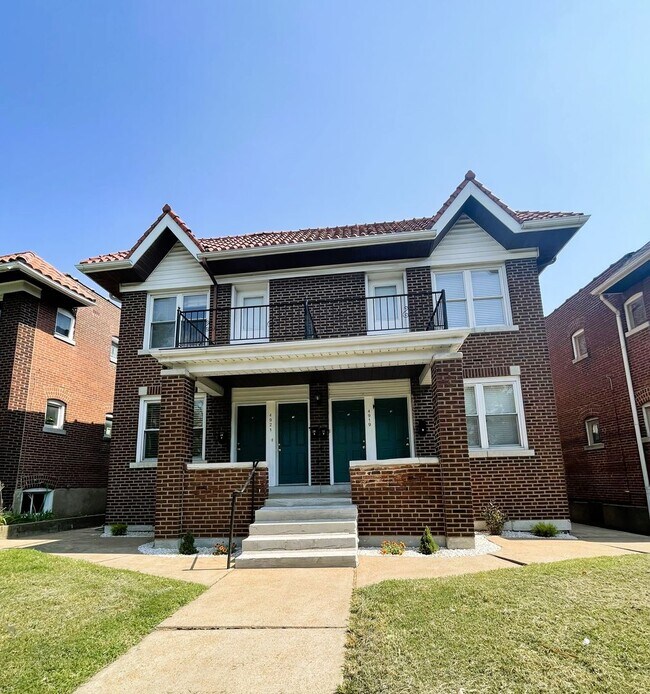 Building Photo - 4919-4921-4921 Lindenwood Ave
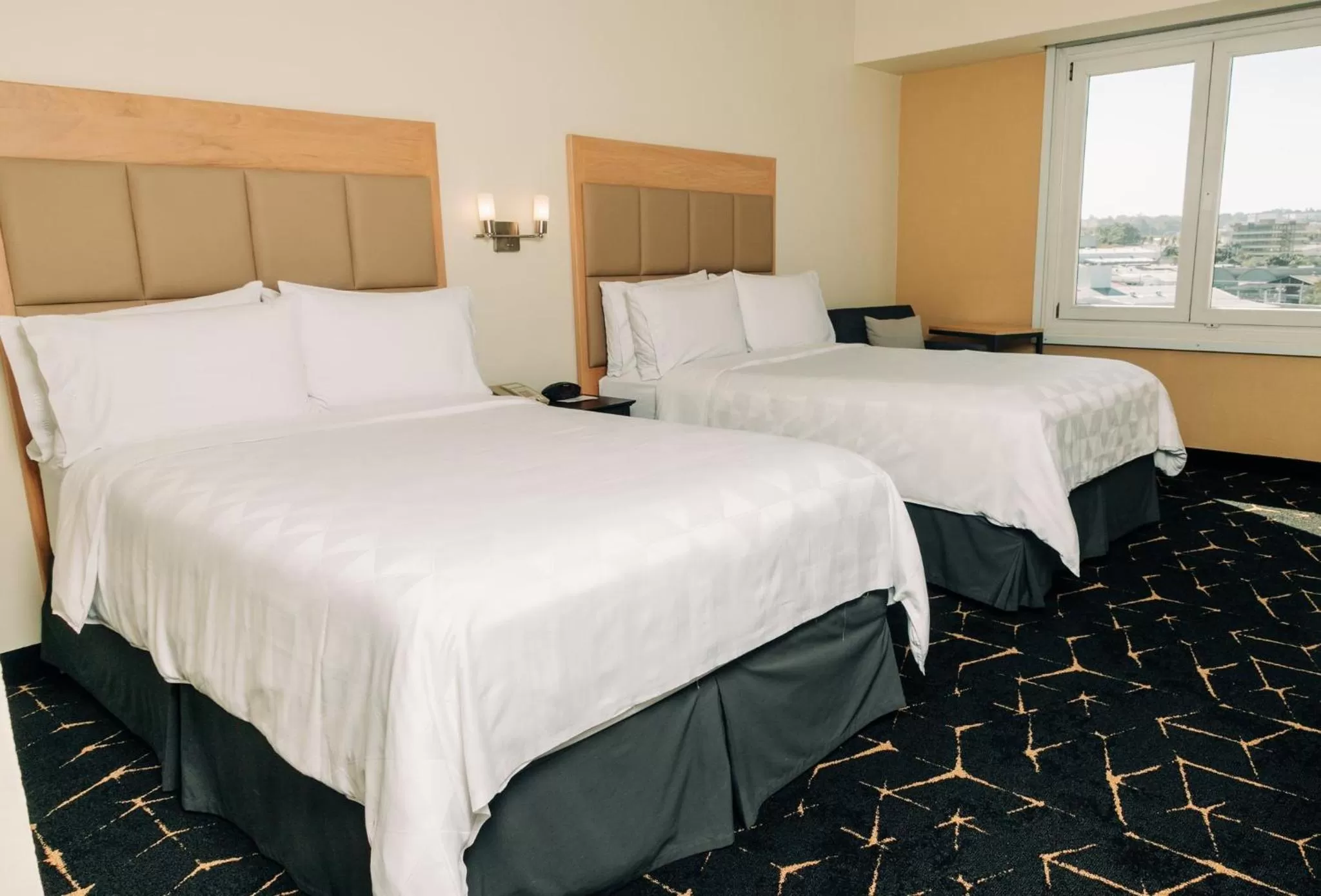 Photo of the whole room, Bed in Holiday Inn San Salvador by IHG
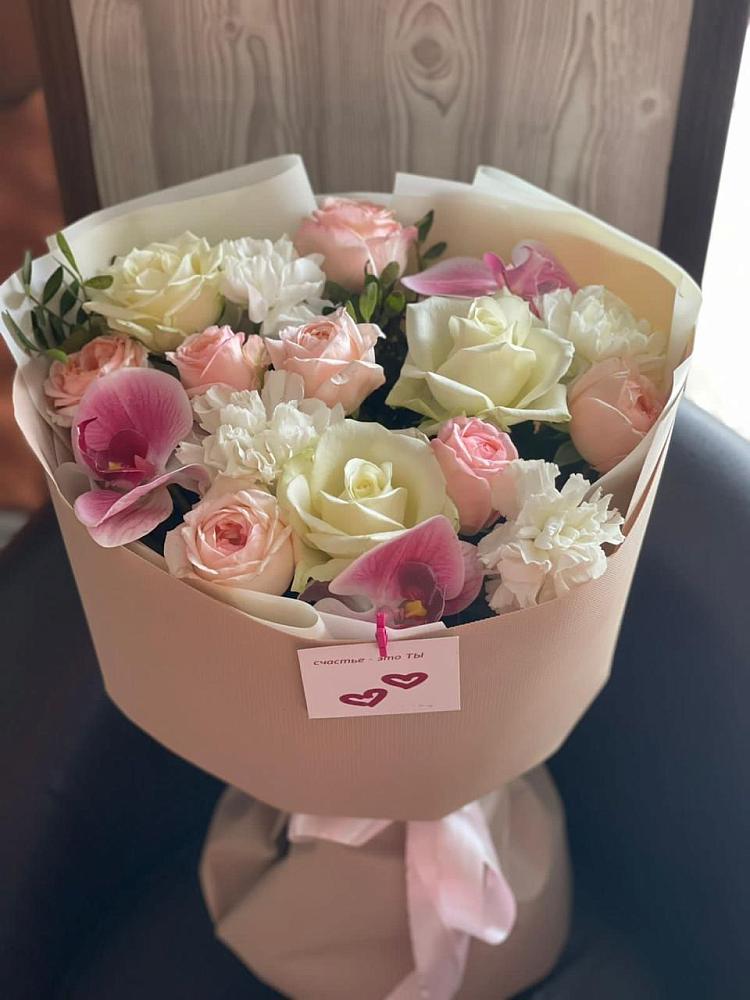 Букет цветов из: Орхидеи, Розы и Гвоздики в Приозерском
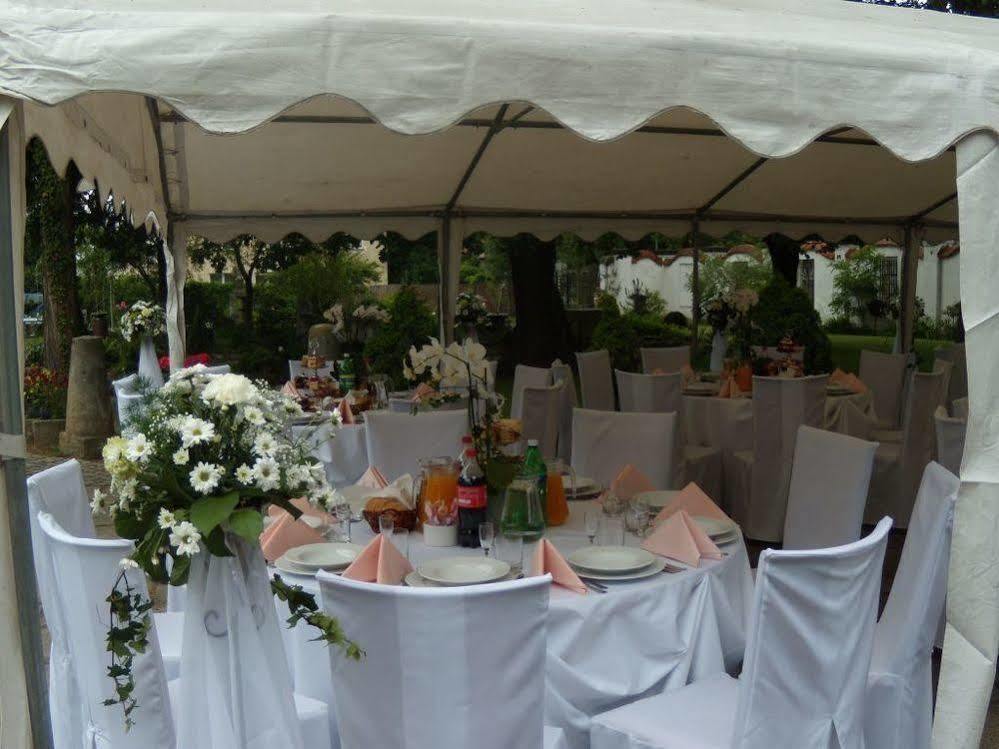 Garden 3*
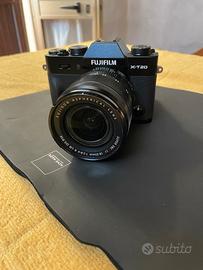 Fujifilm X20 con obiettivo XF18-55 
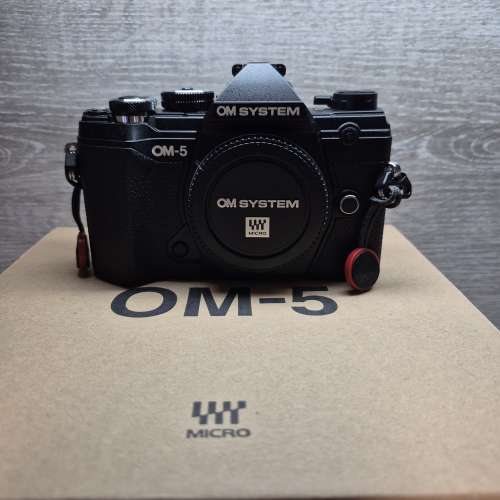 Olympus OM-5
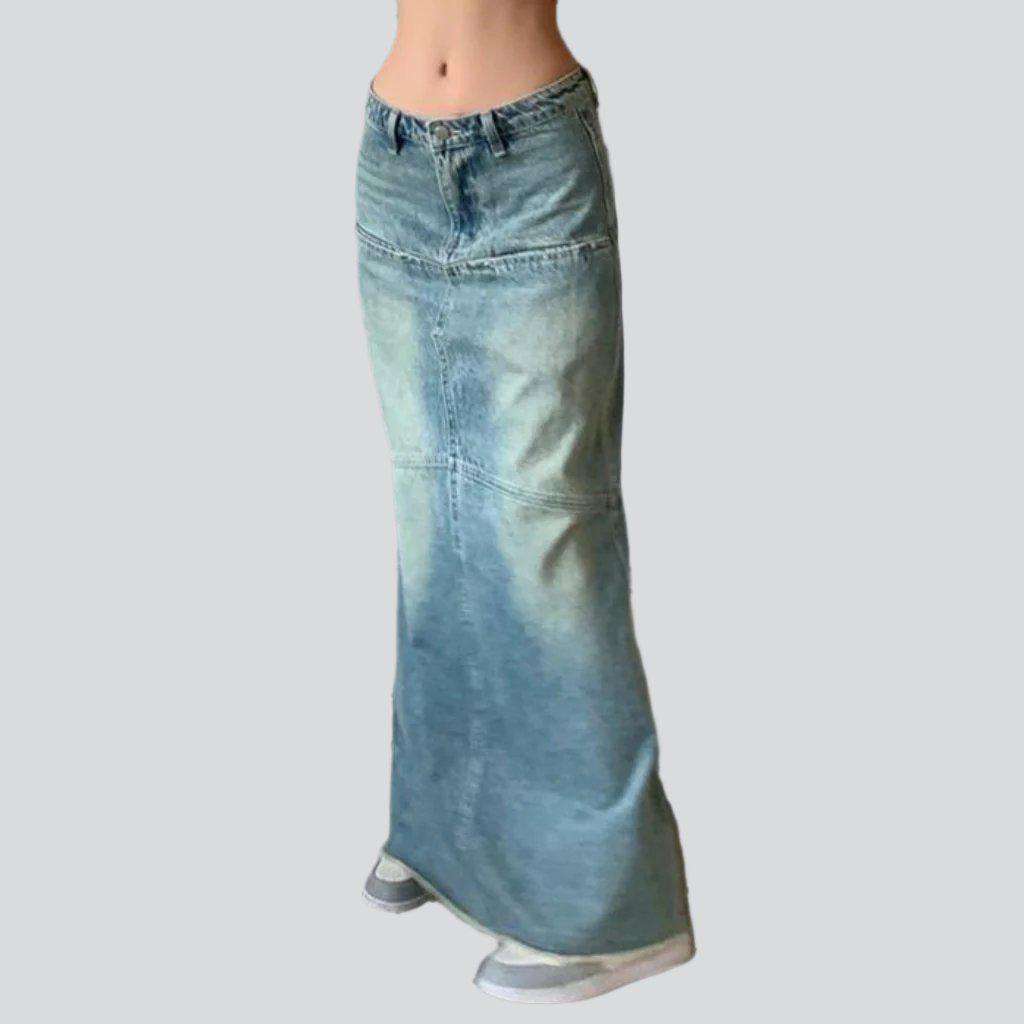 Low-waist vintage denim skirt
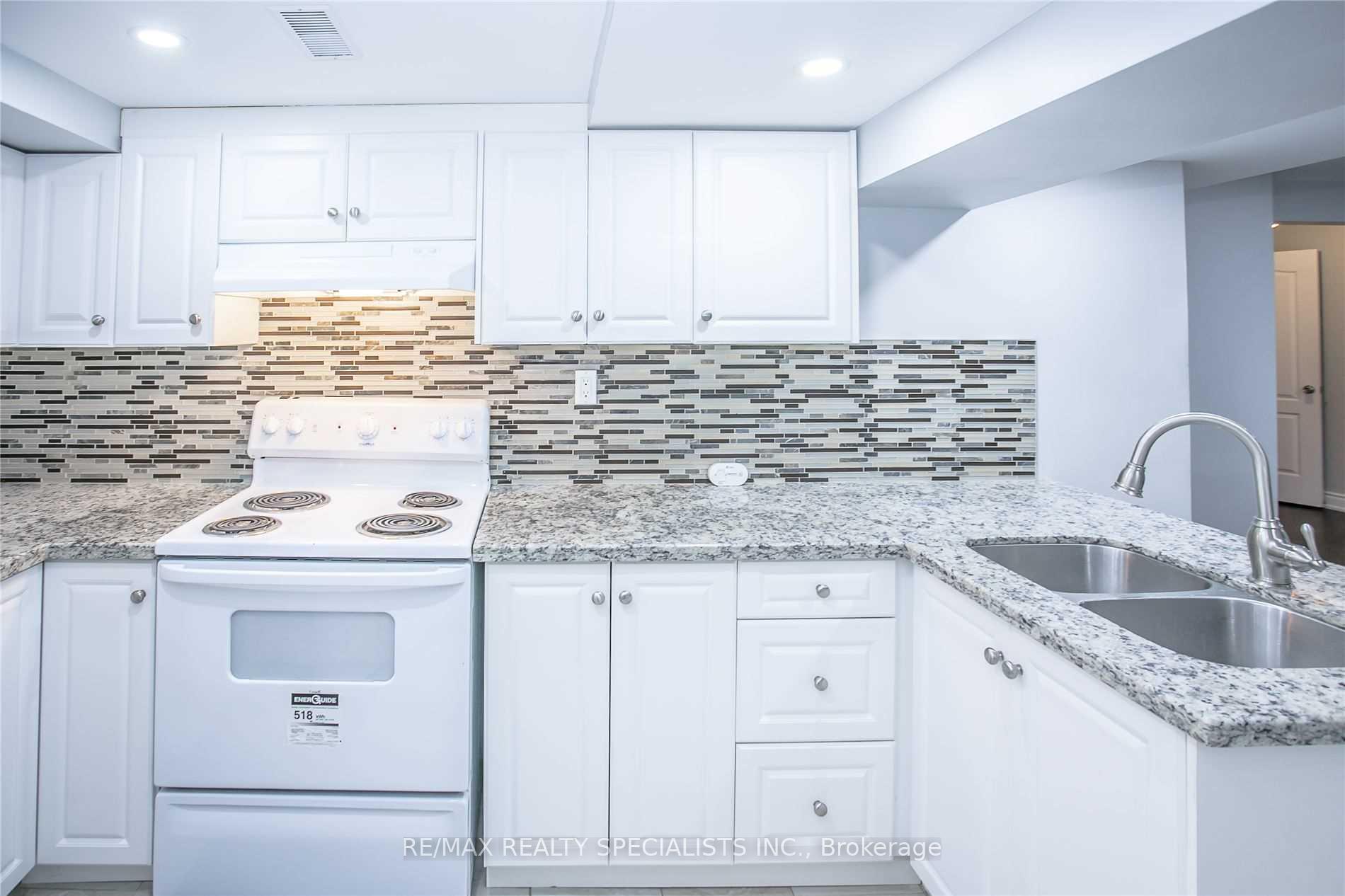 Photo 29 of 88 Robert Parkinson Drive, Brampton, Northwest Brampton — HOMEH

## What is needed
Reproduce, unchanged, each line between the one with "Fujifilm X20 con obiettivo XF18-55" and the last line of the material, both included; the pictures do not go in.

## Output of the exercise
 Fujifilm X20 con obiettivo XF18-55 
 Olympus OM-5
 Low-waist vintage denim skirt
 Photo 29 of 88 Robert Parkinson Drive, Brampton, Northwest Brampton — HOMEH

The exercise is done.